Symptoms of nervousness

Before, the father, or supposed father, began to respond incongruously with visible symptoms of nervousness both to the first questions of the doctors and, later, of the Police. He did not clarify in a coherent way why his alleged wife had not presented original documents at her admission, only a photocopy of the health card. And the information that reflected it, such as the appendicitis operation, did not match his physical examination.

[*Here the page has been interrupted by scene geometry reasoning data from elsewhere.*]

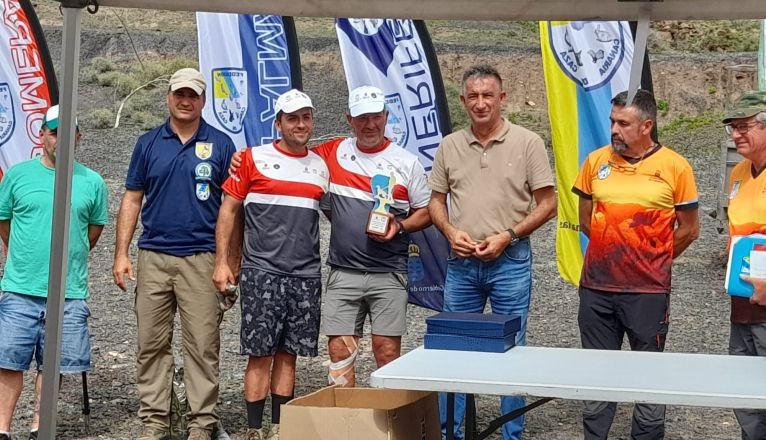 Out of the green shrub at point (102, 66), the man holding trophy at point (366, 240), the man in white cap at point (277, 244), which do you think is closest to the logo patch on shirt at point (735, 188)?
the man holding trophy at point (366, 240)

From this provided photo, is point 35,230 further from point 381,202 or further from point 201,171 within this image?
point 381,202

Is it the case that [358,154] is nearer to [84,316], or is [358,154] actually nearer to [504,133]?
[504,133]

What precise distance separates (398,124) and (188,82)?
72.0 inches

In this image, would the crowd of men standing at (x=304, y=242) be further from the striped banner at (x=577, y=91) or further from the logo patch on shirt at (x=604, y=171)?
the striped banner at (x=577, y=91)

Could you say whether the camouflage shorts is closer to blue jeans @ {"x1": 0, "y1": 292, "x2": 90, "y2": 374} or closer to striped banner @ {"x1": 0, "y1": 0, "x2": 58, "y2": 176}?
blue jeans @ {"x1": 0, "y1": 292, "x2": 90, "y2": 374}

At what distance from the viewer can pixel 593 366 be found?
15.7 ft

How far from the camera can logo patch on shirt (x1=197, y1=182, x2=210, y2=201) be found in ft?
20.5

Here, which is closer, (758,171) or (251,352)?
(758,171)

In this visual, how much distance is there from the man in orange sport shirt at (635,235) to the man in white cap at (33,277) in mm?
2717

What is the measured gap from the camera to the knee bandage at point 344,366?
6180 mm

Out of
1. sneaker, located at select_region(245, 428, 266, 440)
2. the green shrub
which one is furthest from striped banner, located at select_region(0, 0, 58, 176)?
the green shrub

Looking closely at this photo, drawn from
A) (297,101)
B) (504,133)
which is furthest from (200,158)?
(504,133)

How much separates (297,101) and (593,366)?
2242mm

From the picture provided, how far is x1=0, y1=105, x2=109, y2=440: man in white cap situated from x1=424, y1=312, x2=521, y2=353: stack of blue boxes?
2.21m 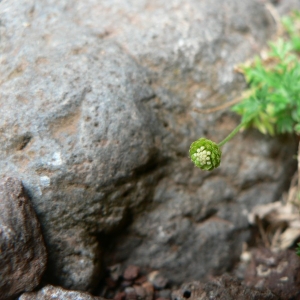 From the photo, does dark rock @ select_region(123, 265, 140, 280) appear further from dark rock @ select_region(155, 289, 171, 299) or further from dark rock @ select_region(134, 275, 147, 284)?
dark rock @ select_region(155, 289, 171, 299)

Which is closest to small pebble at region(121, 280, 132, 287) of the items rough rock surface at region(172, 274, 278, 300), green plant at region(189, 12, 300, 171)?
rough rock surface at region(172, 274, 278, 300)

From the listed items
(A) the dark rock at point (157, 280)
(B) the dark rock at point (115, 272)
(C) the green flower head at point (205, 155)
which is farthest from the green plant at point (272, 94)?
(B) the dark rock at point (115, 272)

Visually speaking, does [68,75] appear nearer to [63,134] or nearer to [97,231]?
[63,134]

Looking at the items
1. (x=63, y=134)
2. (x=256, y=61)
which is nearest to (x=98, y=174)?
(x=63, y=134)

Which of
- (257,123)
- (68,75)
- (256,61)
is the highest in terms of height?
(68,75)

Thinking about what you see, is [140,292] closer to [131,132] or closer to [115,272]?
[115,272]

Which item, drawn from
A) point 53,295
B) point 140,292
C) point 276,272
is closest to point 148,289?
point 140,292

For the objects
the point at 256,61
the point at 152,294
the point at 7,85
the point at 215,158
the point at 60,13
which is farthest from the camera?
the point at 256,61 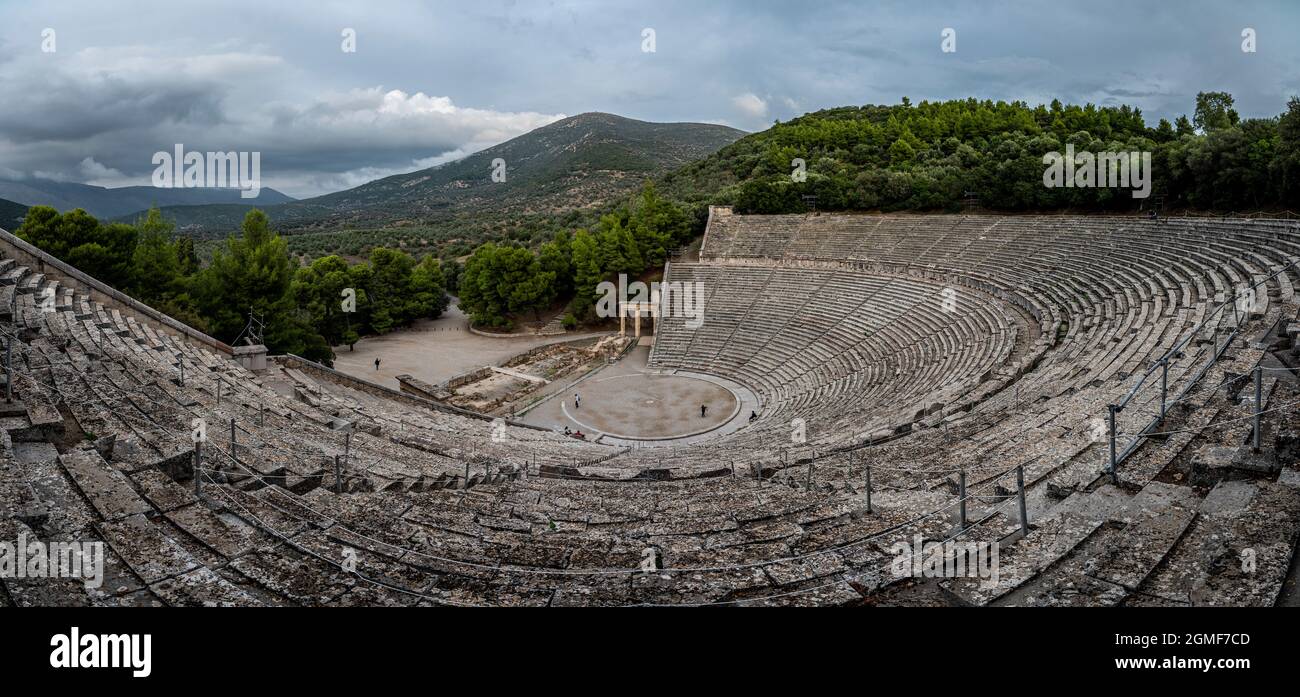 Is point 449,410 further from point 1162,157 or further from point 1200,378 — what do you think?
point 1162,157

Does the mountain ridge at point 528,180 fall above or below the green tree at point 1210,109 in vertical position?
above

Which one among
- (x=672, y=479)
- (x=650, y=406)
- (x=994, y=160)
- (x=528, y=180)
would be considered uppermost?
(x=528, y=180)

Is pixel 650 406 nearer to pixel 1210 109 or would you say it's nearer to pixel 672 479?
pixel 672 479

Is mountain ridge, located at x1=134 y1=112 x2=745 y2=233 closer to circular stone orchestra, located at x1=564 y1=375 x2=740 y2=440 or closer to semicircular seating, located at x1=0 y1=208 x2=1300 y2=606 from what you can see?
circular stone orchestra, located at x1=564 y1=375 x2=740 y2=440

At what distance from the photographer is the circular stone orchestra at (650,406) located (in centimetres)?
2347

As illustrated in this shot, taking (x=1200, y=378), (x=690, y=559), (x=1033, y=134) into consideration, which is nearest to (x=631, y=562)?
(x=690, y=559)

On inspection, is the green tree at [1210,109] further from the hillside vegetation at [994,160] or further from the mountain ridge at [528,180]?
the mountain ridge at [528,180]

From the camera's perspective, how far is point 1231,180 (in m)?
28.9

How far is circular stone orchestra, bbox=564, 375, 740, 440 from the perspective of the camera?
77.0ft

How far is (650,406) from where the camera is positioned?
85.0ft

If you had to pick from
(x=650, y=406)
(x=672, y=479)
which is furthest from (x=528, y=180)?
(x=672, y=479)

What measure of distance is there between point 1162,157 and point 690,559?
118 ft

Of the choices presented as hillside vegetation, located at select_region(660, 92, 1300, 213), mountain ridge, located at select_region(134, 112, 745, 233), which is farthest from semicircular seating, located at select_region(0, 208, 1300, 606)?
mountain ridge, located at select_region(134, 112, 745, 233)

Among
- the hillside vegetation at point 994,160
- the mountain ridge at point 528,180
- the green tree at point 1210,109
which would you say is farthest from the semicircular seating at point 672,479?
the mountain ridge at point 528,180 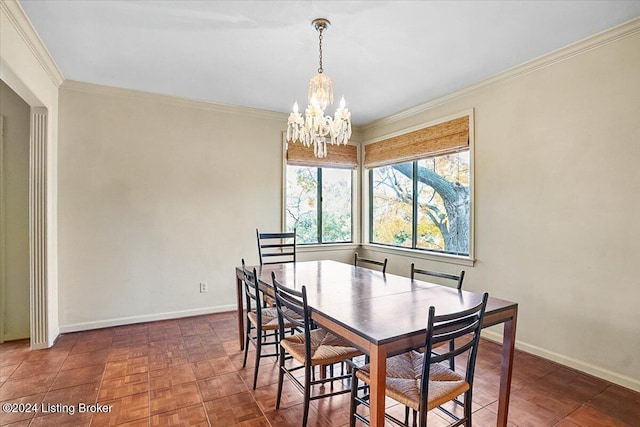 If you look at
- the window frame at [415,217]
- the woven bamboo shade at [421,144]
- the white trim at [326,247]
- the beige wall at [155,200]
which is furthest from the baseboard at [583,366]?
the beige wall at [155,200]

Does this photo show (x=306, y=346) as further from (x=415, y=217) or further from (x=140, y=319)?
(x=415, y=217)

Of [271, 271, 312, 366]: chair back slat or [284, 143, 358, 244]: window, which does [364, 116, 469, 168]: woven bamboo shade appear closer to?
[284, 143, 358, 244]: window

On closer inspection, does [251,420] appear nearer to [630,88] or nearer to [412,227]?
[412,227]

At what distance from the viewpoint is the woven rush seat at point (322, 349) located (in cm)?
197

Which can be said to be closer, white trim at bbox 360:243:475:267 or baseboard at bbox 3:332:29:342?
baseboard at bbox 3:332:29:342

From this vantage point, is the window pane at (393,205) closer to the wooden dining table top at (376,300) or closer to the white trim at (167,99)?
the white trim at (167,99)

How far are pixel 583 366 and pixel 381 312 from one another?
6.78 ft

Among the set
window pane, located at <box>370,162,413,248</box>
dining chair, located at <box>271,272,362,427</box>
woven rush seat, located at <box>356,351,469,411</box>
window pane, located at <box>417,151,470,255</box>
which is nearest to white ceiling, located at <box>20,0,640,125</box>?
window pane, located at <box>417,151,470,255</box>

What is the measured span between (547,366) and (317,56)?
10.7 feet

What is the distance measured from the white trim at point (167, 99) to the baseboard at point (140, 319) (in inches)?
97.6

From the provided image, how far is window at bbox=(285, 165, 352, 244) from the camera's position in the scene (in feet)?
15.7

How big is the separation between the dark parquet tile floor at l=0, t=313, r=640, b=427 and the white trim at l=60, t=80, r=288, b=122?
8.53 ft

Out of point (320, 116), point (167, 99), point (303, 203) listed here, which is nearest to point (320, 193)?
point (303, 203)

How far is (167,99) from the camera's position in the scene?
12.8 ft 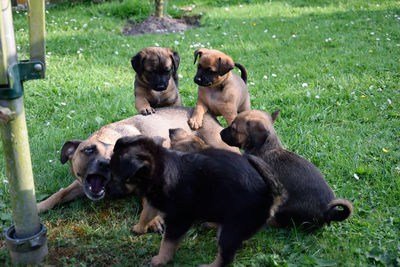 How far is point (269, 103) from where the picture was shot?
6.69 metres

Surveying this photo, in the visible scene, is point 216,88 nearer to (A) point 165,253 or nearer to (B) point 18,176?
(A) point 165,253

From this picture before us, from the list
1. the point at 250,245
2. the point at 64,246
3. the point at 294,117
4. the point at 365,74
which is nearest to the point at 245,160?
the point at 250,245

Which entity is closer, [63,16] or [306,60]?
[306,60]

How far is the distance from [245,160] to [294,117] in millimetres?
3137

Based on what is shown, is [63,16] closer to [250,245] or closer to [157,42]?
[157,42]

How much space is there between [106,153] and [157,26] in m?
7.87

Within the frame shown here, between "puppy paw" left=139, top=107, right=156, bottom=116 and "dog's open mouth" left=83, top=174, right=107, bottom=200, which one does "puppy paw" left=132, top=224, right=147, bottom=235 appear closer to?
"dog's open mouth" left=83, top=174, right=107, bottom=200

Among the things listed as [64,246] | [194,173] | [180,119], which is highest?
[194,173]

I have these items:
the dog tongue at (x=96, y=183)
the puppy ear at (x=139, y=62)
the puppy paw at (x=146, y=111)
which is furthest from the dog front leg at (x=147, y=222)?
the puppy ear at (x=139, y=62)

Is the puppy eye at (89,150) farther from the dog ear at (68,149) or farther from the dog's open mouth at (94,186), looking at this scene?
the dog ear at (68,149)

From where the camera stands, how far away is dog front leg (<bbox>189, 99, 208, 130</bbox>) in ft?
16.4

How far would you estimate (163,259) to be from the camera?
3328 millimetres

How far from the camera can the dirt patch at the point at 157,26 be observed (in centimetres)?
1102

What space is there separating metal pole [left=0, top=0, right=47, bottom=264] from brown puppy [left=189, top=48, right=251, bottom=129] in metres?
2.35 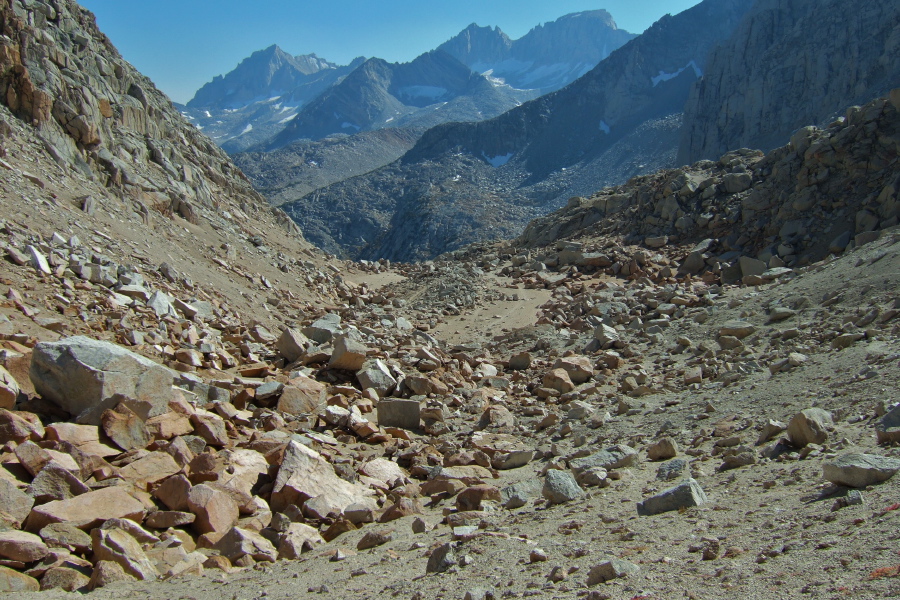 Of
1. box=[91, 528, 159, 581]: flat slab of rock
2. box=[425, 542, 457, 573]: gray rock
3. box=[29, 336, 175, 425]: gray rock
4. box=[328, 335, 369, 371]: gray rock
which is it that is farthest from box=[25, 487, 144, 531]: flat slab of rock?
box=[328, 335, 369, 371]: gray rock

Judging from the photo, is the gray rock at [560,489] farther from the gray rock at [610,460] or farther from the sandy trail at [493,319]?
the sandy trail at [493,319]

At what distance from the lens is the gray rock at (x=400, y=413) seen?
321 inches

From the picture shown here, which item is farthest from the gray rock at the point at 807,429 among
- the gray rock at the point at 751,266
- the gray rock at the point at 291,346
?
the gray rock at the point at 751,266

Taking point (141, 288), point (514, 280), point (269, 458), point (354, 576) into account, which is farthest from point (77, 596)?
point (514, 280)

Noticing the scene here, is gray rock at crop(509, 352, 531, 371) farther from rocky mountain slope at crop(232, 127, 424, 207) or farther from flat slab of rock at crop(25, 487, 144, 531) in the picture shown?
rocky mountain slope at crop(232, 127, 424, 207)

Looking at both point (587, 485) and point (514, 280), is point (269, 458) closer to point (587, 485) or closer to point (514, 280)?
point (587, 485)

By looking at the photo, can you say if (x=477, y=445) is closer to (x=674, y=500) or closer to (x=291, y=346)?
(x=674, y=500)

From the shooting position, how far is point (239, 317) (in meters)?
12.5

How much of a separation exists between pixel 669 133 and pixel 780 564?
9821cm

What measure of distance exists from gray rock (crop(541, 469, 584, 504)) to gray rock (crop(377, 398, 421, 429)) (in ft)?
10.6

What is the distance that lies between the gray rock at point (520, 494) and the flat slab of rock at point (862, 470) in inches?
83.2

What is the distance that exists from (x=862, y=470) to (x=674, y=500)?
3.54 feet

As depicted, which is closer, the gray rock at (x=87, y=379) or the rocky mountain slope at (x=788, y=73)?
the gray rock at (x=87, y=379)

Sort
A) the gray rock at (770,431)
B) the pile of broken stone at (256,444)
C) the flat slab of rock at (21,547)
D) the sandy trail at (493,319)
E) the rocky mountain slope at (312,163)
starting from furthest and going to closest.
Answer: the rocky mountain slope at (312,163), the sandy trail at (493,319), the gray rock at (770,431), the pile of broken stone at (256,444), the flat slab of rock at (21,547) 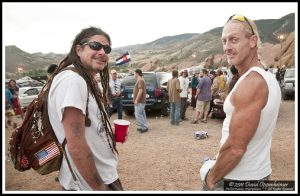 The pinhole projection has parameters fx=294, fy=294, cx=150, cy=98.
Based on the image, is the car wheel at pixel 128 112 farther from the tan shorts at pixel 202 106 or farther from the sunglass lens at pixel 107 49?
the sunglass lens at pixel 107 49

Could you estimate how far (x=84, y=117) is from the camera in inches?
67.8

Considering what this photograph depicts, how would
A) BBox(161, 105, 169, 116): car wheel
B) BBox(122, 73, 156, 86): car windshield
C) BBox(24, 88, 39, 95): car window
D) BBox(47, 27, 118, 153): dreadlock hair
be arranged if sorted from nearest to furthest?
BBox(47, 27, 118, 153): dreadlock hair
BBox(122, 73, 156, 86): car windshield
BBox(161, 105, 169, 116): car wheel
BBox(24, 88, 39, 95): car window

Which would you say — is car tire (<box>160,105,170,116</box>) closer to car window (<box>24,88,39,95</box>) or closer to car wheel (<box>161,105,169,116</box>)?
car wheel (<box>161,105,169,116</box>)

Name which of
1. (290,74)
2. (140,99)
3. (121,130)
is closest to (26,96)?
(140,99)

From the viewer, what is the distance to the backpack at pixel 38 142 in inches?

The plot was being discovered. Also on the card appeared another conclusive fact: it reflected that he had undergone several attempts, unsuccessful, of in vitro fertilization (IVF). Everything was beginning to fit into place in the investigation. Finally, he himself acknowledged to the agents that they had paid the amount of 2,000 euros in Romania to buy the newborn, admitting that the woman admitted was not his wife. At least, in this story, both the baby, a boy, and his mother are in good condition. Now, it is waiting for the decision of the Court number 1 of Don Benito that takes the case so that the authorities decide who should take care of the newborn.

It so happens that last week the Police arrested four people at the Virgen del Rocío Maternal and Child Hospital in Seville for their alleged participation in the sale of a newborn. They were also accused of the crimes of illegal trafficking for the purchase of the baby and document falsification. The plan was similar in both cases. On that occasion, two couples who planned the delivery of the baby of one of the two women who gave birth to a couple who could not have children in exchange for a "high" economic consideration, an amount that in this case did not detail the Police.

The matter was treated by health workers as a "poorly controlled pregnancy", since there was no follow-up or previous tests.

Similarly, in the case of Extremadura, the woman's medical history included records of having requested in vitro fertilization treatment when she could not have children, facts that were relevant to assume that she was posing as someone else. After the facts, the Juvenile Prosecutor's Office of Seville decreed that the newborn be delivered to the Association for the Protection of Minors of the Junta de Andalucía.

Despite the debate established in Spanish society in recent years by the proposals to regulate surrogacy, article 10 of the law of 14/2006 on assisted reproduction techniques is still in force and specifies that "the contract by which the pregnancy is agreed, with or without price, will be null and void. by a woman who renounces maternal filiation in favour of the contracting party or a third party'.

And he adds: "The filiation of children born by surrogacy will be determined by childbirth. The possible action of claim of paternity with respect to the biological father is safe, in accordance with the general rules.